Streaming service Peacock has just dropped a new trailer for Firestarter, the second adaptation of Stephen King’s fiery story, after the 1984 version starring Drew Barrymore. Zac Efron (Extremely Wicked, Shockingly Evil and Vile, The Greatest Showman) and Sydney Lemmon (Fear the Walking Dead, Succession) play parents whose daughter has uncanny pyrokinetic powers in this film.
Ryan Kiera Armstrong, from 2021s American Horror Story: Double Feature, plays the lead in this one. The trailer shows how her character, Charlie, struggles with her powers while being pursued by The Shop, a malicious government entity that wants to use her incendiary powers for military purposes. One scene sees her blow a cubical door off its hinges in a plume of fire. One of the characters claims that she might one day be as strong as a nuclear weapon.

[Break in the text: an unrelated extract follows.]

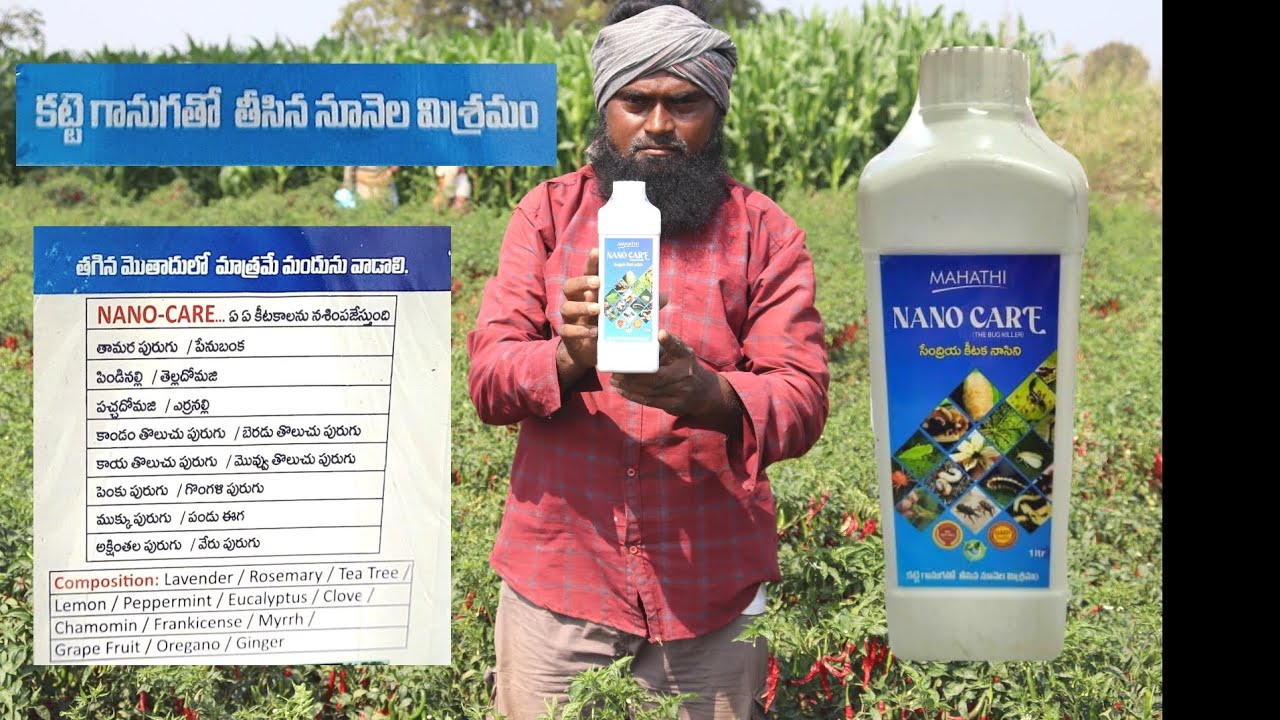 మిరప తోటకి ఈ మందు చాలా బాగా పని చేసింది | Chilli cultivation in telugu | Nanocare | Mirchi farming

Here’s the official synopsis for Firestarter:
For more than a decade, parents Andy and Vicky have been on the run, desperate to hide their daughter Charlie from a shadowy federal agency that wants to harness her unprecedented gift for creating fire into a weapon of mass destruction. Andy has taught Charlie how to defuse her power, which is triggered by anger or pain. But as Charlie turns 11, the fire becomes harder and harder to control. After an incident reveals the family’s location, a mysterious operative is deployed to hunt down the family and seize Charlie once and for all. Charlie has other plans.
You can check out the Firestarter trailer below:
The score, in particular, sounds electrifying. It would of course, because it was composed by horror music legend John Carpenter, along with fellow Halloween franchise composers Cody Carpenter and Daniel Davies. Firestarter is directed by Keith Thomas, based on a screenplay by Halloween Kills writer Scott Teems, and is produced by Jason Blum for Blumhouse. Akiva Goldsman produces for Weed Road Pictures.
Firestarter also stars Michael Greyeyes, Kurtwood Smith, John Beasley, Gloria Reuben, and will hit cinemas and Peacock on 13 May 2022.
We honestly don’t think any author had more of their works adapted for the big screen than Stephen King, save William Shakespeare. And this looks like it’ll be another one for the books, no pun intended.